Remarks by Joe Dunbar, Collegue to Piero Foa

    First of all, I would like to extend my condolences to the Foa family from the Department of Physiology, Wayne State University, and myself.  Dr. Foa and I had a long and productive relationship.  He took pride in this relationship and often said the relationship had come full circle.  It started in 1967 when I was his student, later he was my boss, then we were faculty colleagues and lastly I was his boss.  I have many very fun memories at each point along the way of our relationship.

    In the academic/university community the accomplishments of a faculty are usually judged based on three tenets: scholarship, teaching, and service or the proverbial triple threat.  In Dr. Foa’s case, he was a quadruple or five-fold threat because you could add the tenets of colleague and friend.

    As a scholar his contributions were significant and numerous.  He was the first to definitely identify the hormone glucagon.  And, for these studies, he was given the title of “the father of glucagon”. For many the significant important discoveries can go unnoticed because they are so universally accepted.  Dr. Foa was the first to demonstrate that glucose stimulated insulin secretion.  And, in textbooks it reads simply that, “glucose stimulates insulin secretion”, no ambiguity, simply an accepted fact.  Since his official retirement he has continued to have many research ideas and loved to discuss them with colleagues in journal club or lab meetings. One of the latest was his idea for a mosquito repellent that he convinced many of us to work on.

    As a teacher, Dr. Foa worked tirelessly to constantly be an outstanding teacher.  Although the records say that he retired in 1985, he continued to teach in many venues to the present.  He volunteered to teach in elementary and middle school, and continued to teach our medical and graduate students.  He was always revising his notes and lectures to make them better.  And, just recently Dr. Foa was bugging the course director of the medical curriculum where he wanted last year’s student reviews so that he could make changes in his notes and improve them further.  Dr. Foa was instrumental in putting together the Endocrine Unit that still stands as a model for medical school teaching.  For all of these accomplishments, he received the “Lamp Award” that is given by the students to the person that they consider as their most outstanding and influential teacher.  Many of us can only wish for this award.

    Dr. Foa provided extensive service to Wayne State University in a number of arenas, from serving as Chairman of the Department of Physiology to numerous committees on curriculum and policy.
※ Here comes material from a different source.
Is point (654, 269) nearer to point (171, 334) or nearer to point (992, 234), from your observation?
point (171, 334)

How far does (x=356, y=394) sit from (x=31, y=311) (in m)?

    As a colleague, Dr. Foa was always interested in what fellow faculty were doing.  He was always willing to make phone calls to promote faculty or help students find positions.  As he read the specific literature, he would clip articles and give them to you, just in case you missed it.  It would surprise most faculty or students that he was knowledgeable about their work and interested as well.  He served as an unofficial advisory to many.

    As a friend, Dr. Foa was always concerned about your well being, and wanted to know if all was well.  When I informed my daughter of Dr. Foa’s passing, her first statements were that “she always remembered that he and Naomi were always there for many of the important events in her life, graduations, birthdays and the like.”

    Dr. Foa had a number of sayings, we called Foa-isms. His capacity to translate many distasteful or awkward activities into a lyrical Italian saying always captured the moment.  For all of the previously stated reasons and characteristics, Dr. Foa, he will surely be missed by all.